Fitch ups six multi-cédulas on Spanish improvements
Tuesday, 11 February 2014
Fitch upgraded six multi-cédulas yesterday (Monday) to reflect tighter Spanish mortgage refinancing spreads, downgraded one series because of insufficient liquidity cover, and revised the outlook on 16 series from negative to stable.
The upgrades were from BBBsf to BBB+sf, and affected three AyT series, two InterMoney (IM) Cédulas series, and one Cédulas TDA series:
- AyT Cédulas Cajas Global, FTA Series IV
- AyT Cédulas Cajas Global, FTA Series XVI
- AyT Cédulas Cajas X, FTA, Class A
- Cédulas TDA 5, FTA
- IM Cédulas 2, FTA
- IM Cédulas 7, FTA
The multi-cédulas were upgraded after Fitch reduced the refinancing spreads of mortgage loans in Spain from 755bp to 535bp in a BBBsf stress situation. The tighter refinancing spreads in turn reflect stabilisation in Spain’s economy and banking sector during the last few months, according to Fitch.
“They imply higher modelled recoveries on cédulas hipotecarias assumed to be in default in a given rating scenario, and result in lower over-collateralisation (OC) ratios to support the full payment of interest and principal,” said the rating agency.
Fitch downgraded AyT Cédulas Cajas Global, FTA, Series XII from BBBsf to BBB-sf because it considers that interest due amounts on a one year horizon are not sufficiently covered by liquidity lines.
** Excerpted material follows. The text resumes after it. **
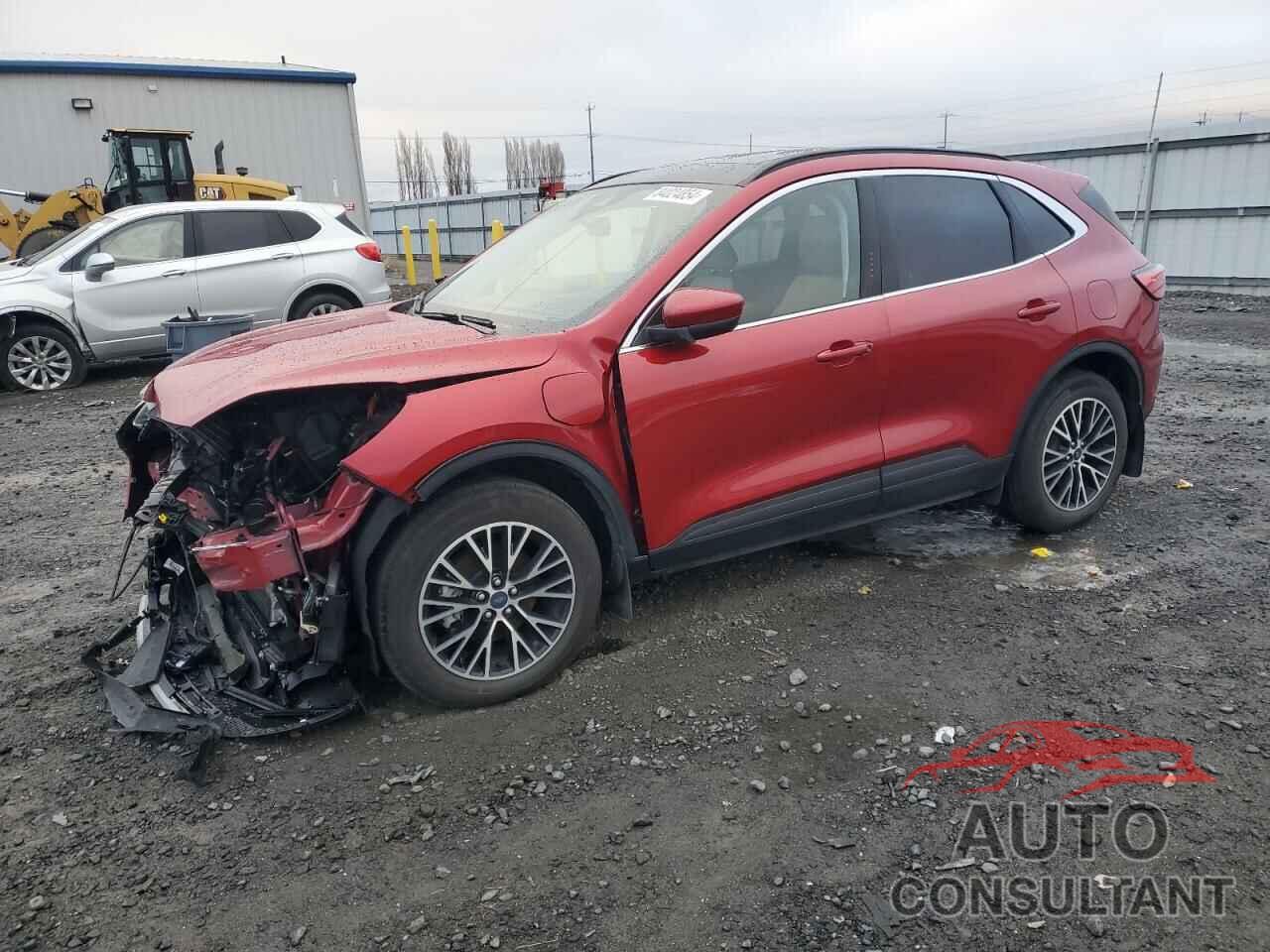 FORD ESCAPE 2022 - 1FMCU0LZ2NUA23870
It noted that default expectations for a given multi-cédulas series have risen as a result of higher obligor concentrations brought about by consolidation in the Spanish banking sector.
“While this has generally improved the credit profile of the banks’ cover pools, it also implies higher default expectations on some multi-issuer cédulas hipotecarias (MICH) series with large exposures to particular banks,” said Fitch.
The rating agency revised the outlook on 16 multi-cédulas series from negative to stable to reflect an improvement in the outlook on the sovereign’s rating and the results of a sensitivity analysis conducted by Fitch.
“The test results concluded that these MICH transactions would not see rating changes even if the issuer default ratings of those participating banks that are currently state support-driven are downgraded to their corresponding Viability Ratings,” it said.